Plymouth is a city and unitary authority area on the south coast of Devon, about 37 miles south-west of Exeter, and about 190 miles south-west of London. It is situated between the mouths of the rivers Plym to the east and Tamar to the west, where they join Plymouth Sound. Plymouth's early history extends to the Bronze Age, when a first settlement emerged at Mount Batten. This settlement continued as a trading post for the Roman Empire, until the more prosperous village of Sutton, now called Plymouth surpassed it. In 1620, the Pilgrim Fathers departed Plymouth for the New World and established Plymouth Colony – the second English settlement in what is now the United States of America.
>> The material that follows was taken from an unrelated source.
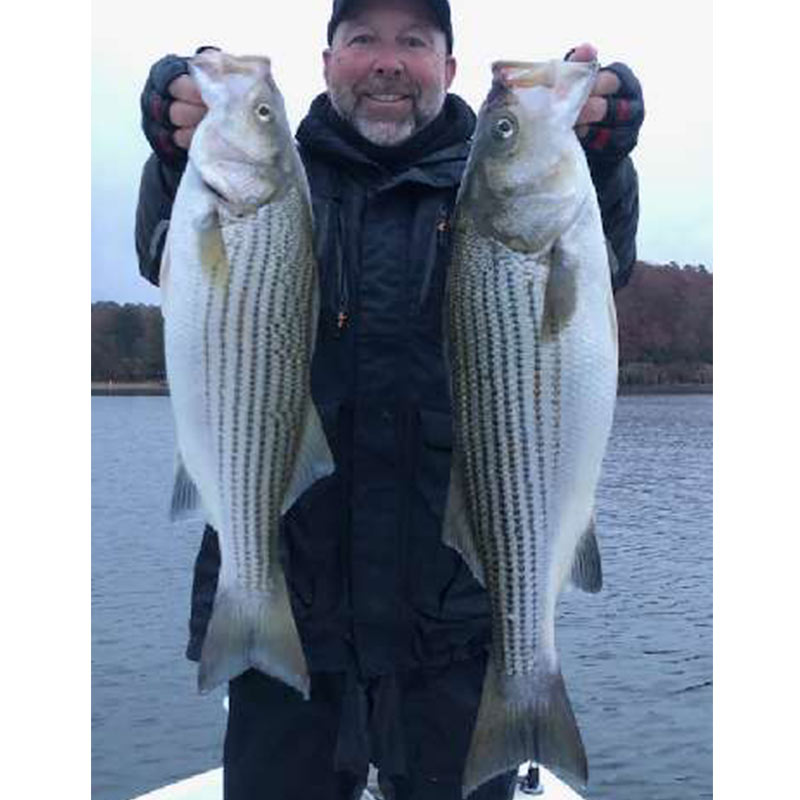 AHQ INSIDER Lake Wateree (SC) 2023 Week 46 Fishing Report – Updated November 16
During the English Civil War the town was held by the Parliamentarians and was besieged between 1642 and 1646. Throughout the Industrial Revolution, Plymouth grew as a commercial shipping port, handling imports and passengers from the Americas, and exporting local minerals (tin, copper, lime, china clay and arsenic) while the neighbouring town of Devonport became a strategic Royal Naval shipbuilding and dockyard town. In 1914 three neighbouring independent towns, the county borough of Plymouth, the county borough of Devonport, and the urban district of East Stonehouse were merged to form a single County Borough. The combined town took the name of Plymouth which, in 1928, achieved city status. The city's naval importance later led to its targeting and partial destruction during World War II, an act known as the Plymouth Blitz. After the war the city centre was completely rebuilt and subsequent expansion led to the incorporation of Plympton and Plymstock along with other outlying suburbs in 1967.
Plymouth Argyle FC was founded in 1886 as Argyle Football Club, the first match taking place on 16 October 1886 against Caxton, a team from Cornwall and saw the Pilgrims lose 2–0. Much speculation surrounds the origin of the name Argyle. One explanation is that they were named after the Argyll and Sutherland Highlanders, an army regiment with a strong football side of its own. Another theory is given the respective geographical placements–suggests the name comes either from the nearby public house, The Argyle Tavern, where the founder members may have met, or the local street named Argyle Terrace. An alternative suggestion is that their initial kit was decorated in the famous Argyle diamond pattern. After the Second World War Argyle's 20-year stay in Division Two came to an end in 1950–despite the efforts of inspirational captain Jack Chisholm. However, they were back in Division Two before long, after winning the Third Division South in 1952. The 1960’s ended disappointingly as Argyle returned to Division Three after relegation in 1968. In March 1973 a memorable moment in Argyle's history was witnessed by 37,639 people at Home Park. Argyle played a friendly match against Brazilian giants Santos FC, who at the time were one of the best teams in the world. That day Santos also had arguably the best footballer of all time in their starting line-up –Pelé. However, Argyle, then a Third Division side, shocked the world with a 3–2 win. There was a huge pitch invasion at the final whistle after a win for The Pilgrims. After spending six years in Division Three, Argyle finally returned to Division Two in 1974–75.This was mainly thanks to strike partners Paul Mariner and Billy Rafferty, who scored a very impressive 46 goals between them. However, they were back down again in 1977. Although the decade did end on a high note–in 1978–79 Kevin Hodges made his Argyle debut, and he went on to play 620 games for the club–more than anyone else. In 1984 Plymouth reached the FA Cup semi-final despite being in the Third Division. After a successful cup run in which they beat West Bromwich Albion, a top division team at the time and Derby County, they lost 1–0 to Watford in the semi-final at Villa Park courtesy of a George Riley goal.
This Pieman travelled to Devon on a Good Friday. The journey by train from London Paddington to Plymouth taking around three hours. The walk from the station to the ground was straightforward and within twenty minutes we had reached Home Park. A tight match saw the home side defeat Bristol City by the only goal.